ACTION ITEM – Transcribe the closing lines of the listing exactly, starting at the one that contains "Image of happy" and including the last.

RECORDS TO USE –
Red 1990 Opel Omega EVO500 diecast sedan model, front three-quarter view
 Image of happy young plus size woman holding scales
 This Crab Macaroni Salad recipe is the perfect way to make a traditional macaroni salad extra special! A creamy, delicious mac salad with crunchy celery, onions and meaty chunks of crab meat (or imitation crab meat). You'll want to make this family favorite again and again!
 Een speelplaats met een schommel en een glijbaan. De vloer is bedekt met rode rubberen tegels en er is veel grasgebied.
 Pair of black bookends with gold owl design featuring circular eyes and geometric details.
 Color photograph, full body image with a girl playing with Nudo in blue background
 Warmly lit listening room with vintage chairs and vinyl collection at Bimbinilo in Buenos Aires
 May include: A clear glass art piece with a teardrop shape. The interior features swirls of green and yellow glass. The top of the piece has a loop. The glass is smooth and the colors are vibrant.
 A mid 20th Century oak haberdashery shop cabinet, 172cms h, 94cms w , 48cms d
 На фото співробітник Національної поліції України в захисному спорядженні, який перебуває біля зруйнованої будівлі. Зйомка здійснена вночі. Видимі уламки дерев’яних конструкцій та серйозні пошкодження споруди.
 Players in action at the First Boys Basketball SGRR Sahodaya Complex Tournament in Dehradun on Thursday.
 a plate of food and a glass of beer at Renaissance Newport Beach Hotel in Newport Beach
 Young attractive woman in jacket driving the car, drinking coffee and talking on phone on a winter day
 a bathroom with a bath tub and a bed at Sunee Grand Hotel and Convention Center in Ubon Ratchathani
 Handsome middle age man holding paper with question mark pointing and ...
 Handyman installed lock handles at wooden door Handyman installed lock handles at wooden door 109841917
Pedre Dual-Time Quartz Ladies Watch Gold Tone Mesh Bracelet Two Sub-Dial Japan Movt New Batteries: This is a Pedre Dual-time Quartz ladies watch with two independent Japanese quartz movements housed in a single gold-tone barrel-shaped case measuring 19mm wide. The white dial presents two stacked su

EXPECTED OUTPUT –
 Image of happy young plus size woman holding scales
 This Crab Macaroni Salad recipe is the perfect way to make a traditional macaroni salad extra special! A creamy, delicious mac salad with crunchy celery, onions and meaty chunks of crab meat (or imitation crab meat). You'll want to make this family favorite again and again!
 Een speelplaats met een schommel en een glijbaan. De vloer is bedekt met rode rubberen tegels en er is veel grasgebied.
 Pair of black bookends with gold owl design featuring circular eyes and geometric details.
 Color photograph, full body image with a girl playing with Nudo in blue background
 Warmly lit listening room with vintage chairs and vinyl collection at Bimbinilo in Buenos Aires
 May include: A clear glass art piece with a teardrop shape. The interior features swirls of green and yellow glass. The top of the piece has a loop. The glass is smooth and the colors are vibrant.
 A mid 20th Century oak haberdashery shop cabinet, 172cms h, 94cms w , 48cms d
 На фото співробітник Національної поліції України в захисному спорядженні, який перебуває біля зруйнованої будівлі. Зйомка здійснена вночі. Видимі уламки дерев’яних конструкцій та серйозні пошкодження споруди.
 Players in action at the First Boys Basketball SGRR Sahodaya Complex Tournament in Dehradun on Thursday.
 a plate of food and a glass of beer at Renaissance Newport Beach Hotel in Newport Beach
 Young attractive woman in jacket driving the car, drinking coffee and talking on phone on a winter day
 a bathroom with a bath tub and a bed at Sunee Grand Hotel and Convention Center in Ubon Ratchathani
 Handsome middle age man holding paper with question mark pointing and ...
 Handyman installed lock handles at wooden door Handyman installed lock handles at wooden door 109841917
Pedre Dual-Time Quartz Ladies Watch Gold Tone Mesh Bracelet Two Sub-Dial Japan Movt New Batteries: This is a Pedre Dual-time Quartz ladies watch with two independent Japanese quartz movements housed in a single gold-tone barrel-shaped case measuring 19mm wide. The white dial presents two stacked su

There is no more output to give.